You can use this provision where one of you owns or leases your home and will make the
payments. The other owes nothing because of such payments. There could be tax consequences
if the amounts are large.
This may be appropriate, especially if one of you is not an income producer and you do
not intend to share ownership rights. It can also be useful where you balance housing
payments made by one of you with the other covering other expenses.
We have given you three choices regarding the starting date for your Financial
Agreement:
- When Signed
"This Agreement will be effective starting with the date we both sign
it."
This provides that the consequences of events prior to the signing of the Agreement is
not affected by this Agreement. This is especially useful if you are just beginning your
relationship or if you had a previous agreement and you now wish to adopt different terms.
- Reflection of Prior Verbal Agreement
"This Agreement reflects our verbal agreement that already exists. We want to
make this Agreement effective as of May 1, 1990."
Where you have previously worked out the terms of your financial agreement and are
using this Financial Agreement to commit those terms to writing, this provision may be
appropriate. Whatever events have occurred since the date you specify will be covered by
this Agreement. This is specially suitable for couples who have been in a relationship for
a while but have never written down their understandings.
- Begins on a Specific Date
"This Agreement will be effective as of December 1, 1998."
You may wish to delay the effective starting date of your Financial Agreement to a
future date or, you may wish to make it effective as of a prior date even though you did
not have a prior agreement on the same terms.

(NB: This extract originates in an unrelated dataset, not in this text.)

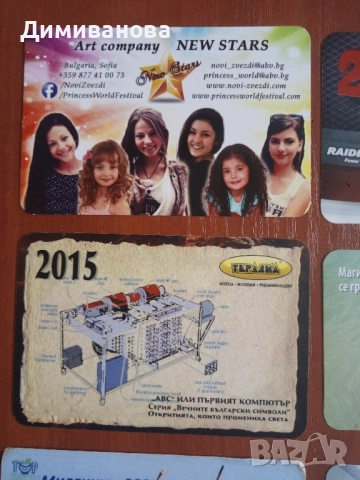 7 малки календарчета от 2015 г., снимка 2 - Колекции - 51630555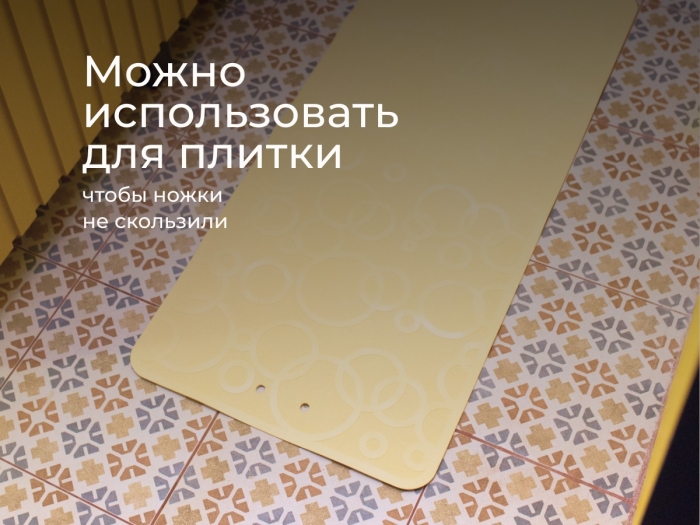 Коврик резиновый для ванны антискользящий 35 x 76см, медовый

We might like to believe that this relationship will never end, but prudence tells us
to provide for that eventuality anyway. We have included the following provision in all
three of the frameworks:
"This Agreement will end whenever: (1) We both agree in writing to end it, or,
(2) One of us gives the other a written notice that it is over, either in person or by
mail."
We have included this so that you can either reach an agreement to end the Agreement or
one of you can do so unilaterally. We have also provided that the mechanism for ending the
Agreement is a written one, rather than verbal. This is preferable so that no questions
arise later as to the ending date or conditions.

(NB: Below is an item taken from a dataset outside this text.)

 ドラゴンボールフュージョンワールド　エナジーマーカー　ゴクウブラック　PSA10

It is appropriate to point out that your Financial Agreement is separate from your
emotional relationship, if any. We are simply giving you a means to keep everything
regarding money and things orderly and clear. We are convinced that in doing so, you will
enhance the other aspects of your relationship together.
"This Agreement will end only after we have consulted with an independent
arbitrator who will determine our respective rights under this Agreement."

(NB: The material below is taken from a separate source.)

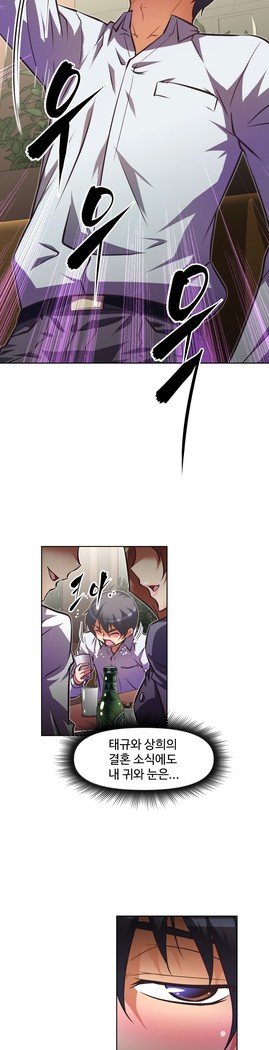 乱闘ゴーCh.53-66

This is an optional but highly recommended provision that you can add to your Financial
Agreement. We are of the opinion that your interests are best served through mediation and
arbitration rather than litigation. Obviously, if you reach an agreement on your own at
the time of ending the Agreement, you will not need to involve an arbitrator. If, however,
there are issues you cannot agree on, using a neutral third party can be very beneficial.
An arbitrator can be anyone you want to use and need not be a professional. There are,
however, in many large cities free or low cost dispute resolution services available to
you.
-
The following paragraph is included in all the Financial Agreement frameworks:
"Neither of us will be liable for the support of the other during the period
of our relationship except as otherwise provided in this Agreement. Nothing contained in
this Agreement, however, will create any rights or obligations for the support of either
of us after the end of this Agreement."
If you want any different provision you definitely should discuss this with an
attorney.
If either of you needs to seek enforcement of the terms of this agreement, the
prevailing party will be entitled to attorneys fees and costs for doing so. The
Agreement is binding upon your heirs as well, which can help avoid difficulties with
families who do not appreciate your relationship. You do not need to notarize your
signatures to the Financial Agreement. We suggest keeping it in a accessible place.